How Hyperscalers Built the Backbone of Cloud Computing

From Latency Crisis to $500 Billion Industry: The Infrastructure Bet That Changed the Internet

If you haven't read Part 1 yet, start there. We covered how Amazon's discovery that every 100 milliseconds of latency costs them 1% in sales forced them to completely rethink their architecture — breaking their monolith into microservices, deploying aggressive caching, and tuning every protocol they could find. They solved the software problem.

But then they hit a wall.

No amount of software optimization could change one fundamental reality: data centers in Virginia were 80ms away from California customers and 200ms from Asian customers. The engineers had run out of code to write. The only thing standing between them and their users was physics.

The speed of light isn't negotiable.

So, between 2005 and 2015, Google, Amazon, Microsoft, and Facebook made a collective decision that seemed almost irrational at the time: to spend $10–30 billion each on building private global network infrastructure from scratch. This is what we call death of transit for Telco.

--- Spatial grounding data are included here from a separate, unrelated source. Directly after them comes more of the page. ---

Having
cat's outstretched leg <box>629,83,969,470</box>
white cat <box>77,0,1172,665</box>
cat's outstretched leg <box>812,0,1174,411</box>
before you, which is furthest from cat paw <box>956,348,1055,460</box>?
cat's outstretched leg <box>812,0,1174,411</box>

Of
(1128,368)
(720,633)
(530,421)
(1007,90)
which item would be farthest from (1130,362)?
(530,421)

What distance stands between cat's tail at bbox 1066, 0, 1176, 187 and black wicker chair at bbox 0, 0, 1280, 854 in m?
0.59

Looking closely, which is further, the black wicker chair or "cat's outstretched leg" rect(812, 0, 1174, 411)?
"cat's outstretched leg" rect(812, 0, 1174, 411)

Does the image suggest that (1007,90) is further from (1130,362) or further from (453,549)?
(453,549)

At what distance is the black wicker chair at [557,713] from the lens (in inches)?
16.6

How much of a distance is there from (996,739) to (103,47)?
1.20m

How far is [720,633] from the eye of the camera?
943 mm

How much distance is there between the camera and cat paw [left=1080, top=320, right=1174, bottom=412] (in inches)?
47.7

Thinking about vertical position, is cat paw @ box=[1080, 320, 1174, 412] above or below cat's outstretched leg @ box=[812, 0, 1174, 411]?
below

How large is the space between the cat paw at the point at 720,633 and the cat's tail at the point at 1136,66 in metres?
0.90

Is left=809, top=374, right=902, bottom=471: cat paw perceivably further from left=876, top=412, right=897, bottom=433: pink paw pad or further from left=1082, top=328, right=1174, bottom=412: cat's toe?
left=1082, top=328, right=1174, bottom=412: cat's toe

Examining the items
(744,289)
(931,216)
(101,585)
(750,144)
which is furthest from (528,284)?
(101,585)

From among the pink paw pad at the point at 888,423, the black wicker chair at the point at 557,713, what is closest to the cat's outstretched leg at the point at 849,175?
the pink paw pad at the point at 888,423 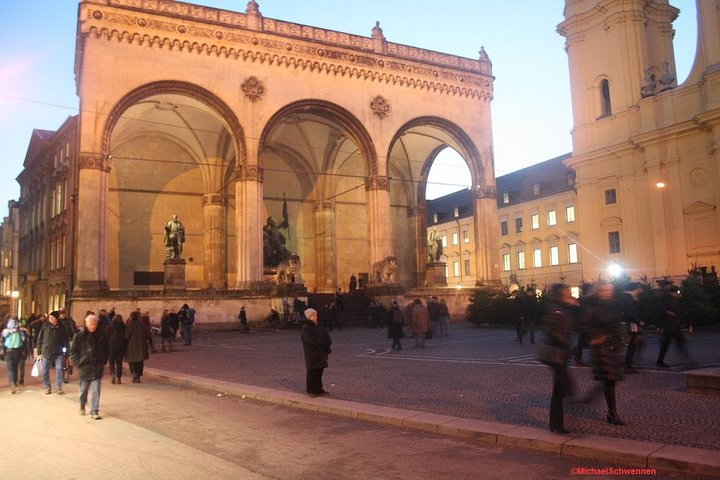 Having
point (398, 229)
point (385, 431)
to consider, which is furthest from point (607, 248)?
point (385, 431)

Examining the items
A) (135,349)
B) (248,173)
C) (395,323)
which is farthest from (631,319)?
(248,173)

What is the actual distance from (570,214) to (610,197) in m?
12.6

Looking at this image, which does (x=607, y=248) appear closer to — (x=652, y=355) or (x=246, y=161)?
(x=246, y=161)

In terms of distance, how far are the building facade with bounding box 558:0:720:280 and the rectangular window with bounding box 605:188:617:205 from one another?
6cm

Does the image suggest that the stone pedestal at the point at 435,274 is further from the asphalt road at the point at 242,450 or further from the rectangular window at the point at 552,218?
the asphalt road at the point at 242,450

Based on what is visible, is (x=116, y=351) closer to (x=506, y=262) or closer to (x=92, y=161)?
(x=92, y=161)

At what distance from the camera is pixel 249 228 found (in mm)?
29797

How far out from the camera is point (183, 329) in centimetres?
2289

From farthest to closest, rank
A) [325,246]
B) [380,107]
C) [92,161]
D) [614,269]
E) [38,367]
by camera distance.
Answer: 1. [325,246]
2. [614,269]
3. [380,107]
4. [92,161]
5. [38,367]

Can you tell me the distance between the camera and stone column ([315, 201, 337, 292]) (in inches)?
1574

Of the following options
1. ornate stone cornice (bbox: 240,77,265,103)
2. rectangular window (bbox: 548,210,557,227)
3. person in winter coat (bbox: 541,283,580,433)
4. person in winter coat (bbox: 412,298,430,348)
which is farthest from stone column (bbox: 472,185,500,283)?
person in winter coat (bbox: 541,283,580,433)

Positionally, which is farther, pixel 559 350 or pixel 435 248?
pixel 435 248

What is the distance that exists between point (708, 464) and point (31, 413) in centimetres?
927

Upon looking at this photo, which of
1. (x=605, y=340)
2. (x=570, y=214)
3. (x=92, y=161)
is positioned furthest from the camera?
(x=570, y=214) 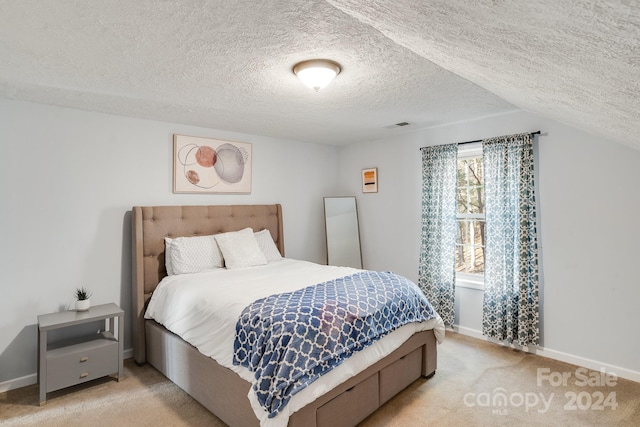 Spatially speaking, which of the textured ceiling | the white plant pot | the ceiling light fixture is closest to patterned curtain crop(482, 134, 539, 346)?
the textured ceiling

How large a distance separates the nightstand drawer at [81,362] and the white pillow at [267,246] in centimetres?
163

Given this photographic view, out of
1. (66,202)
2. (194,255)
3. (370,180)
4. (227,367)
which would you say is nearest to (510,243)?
(370,180)

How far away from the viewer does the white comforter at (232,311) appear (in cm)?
196

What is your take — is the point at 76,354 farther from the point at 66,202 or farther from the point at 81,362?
the point at 66,202

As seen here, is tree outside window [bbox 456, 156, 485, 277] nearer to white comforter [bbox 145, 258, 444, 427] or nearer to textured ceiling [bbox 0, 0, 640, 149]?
textured ceiling [bbox 0, 0, 640, 149]

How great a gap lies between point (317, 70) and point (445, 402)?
245cm

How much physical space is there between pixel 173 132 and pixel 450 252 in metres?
3.28

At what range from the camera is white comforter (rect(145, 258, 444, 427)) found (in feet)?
6.43

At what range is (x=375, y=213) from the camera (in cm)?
466

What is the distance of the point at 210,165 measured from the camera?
3838 millimetres

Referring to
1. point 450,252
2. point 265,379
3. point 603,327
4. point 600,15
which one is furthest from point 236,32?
point 603,327

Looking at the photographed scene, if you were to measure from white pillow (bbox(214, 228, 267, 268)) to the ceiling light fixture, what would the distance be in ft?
6.50

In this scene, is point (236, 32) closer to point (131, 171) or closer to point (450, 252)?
point (131, 171)

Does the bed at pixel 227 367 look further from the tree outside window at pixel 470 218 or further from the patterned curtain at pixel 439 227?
the tree outside window at pixel 470 218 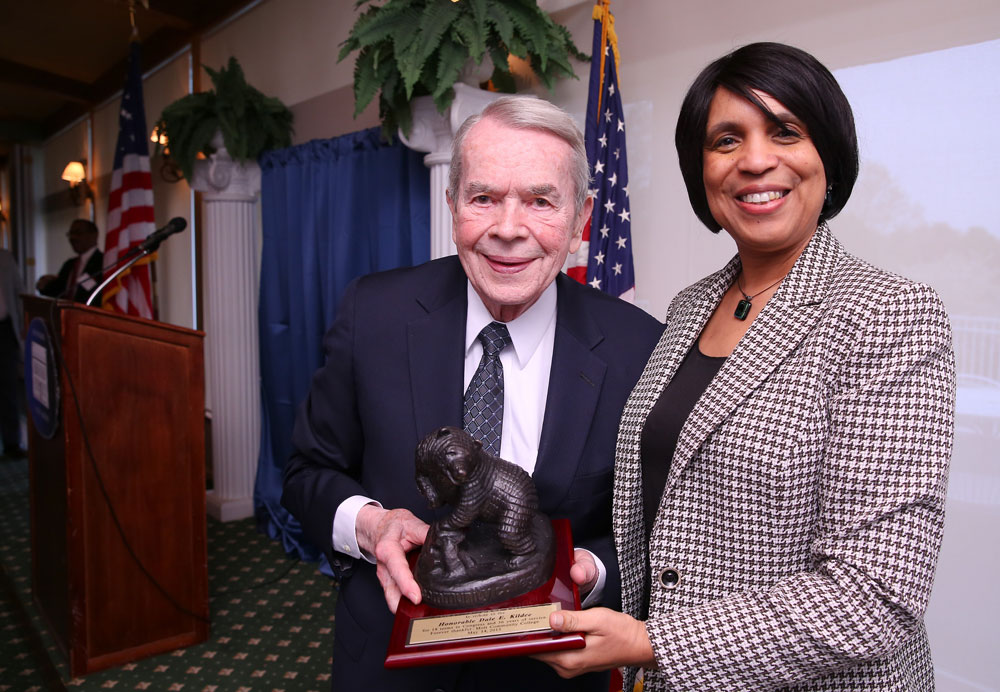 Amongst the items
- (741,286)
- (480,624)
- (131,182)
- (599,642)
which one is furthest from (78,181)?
(599,642)

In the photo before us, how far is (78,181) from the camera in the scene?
9.28 meters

This is the story of how that bet paid off, not just for the hyperscalers, but for every business that now runs in the cloud. And why, twenty years later, the exact same pattern is playing out again with AI.

The Problem No Algorithm Could Solve

Before we get into what they built, it helps to understand why software alone couldn't fix this.

Data travels through fiber optic cable at roughly 200,000 kilometers per second, about two-thirds the speed of light in a vacuum. That creates hard physical minimums you simply cannot engineer around:

New York ↔ Los Angeles: ~22ms minimum
US ↔ Europe: ~30ms minimum
US ↔ Asia: ~60ms minimum

Those are theoretical best cases, straight-line fiber with zero processing. In the real internet of the mid-2000s, actual latency looked very different:

New York ↔ LA: 60–80ms
US ↔ Europe: 100–150ms
US ↔ Asia: 180–250ms

Now multiply that by the 50–100 microservice calls a single page load required. An Asian customer trying to use a service running in Virginia wasn't waiting 200ms. They were waiting 5,400ms. Five and a half seconds just for the network.

The math was brutal. And the only real solution was to stop trying to send data across the world and start moving the infrastructure closer to the people using it.

The Four-Part Strategy (2005–2015)

The hyperscalers didn't stumble into this. They executed a remarkably similar four-part playbook — one that would collectively cost somewhere between $25 billion and $60 billion in network infrastructure alone. Here's what they built.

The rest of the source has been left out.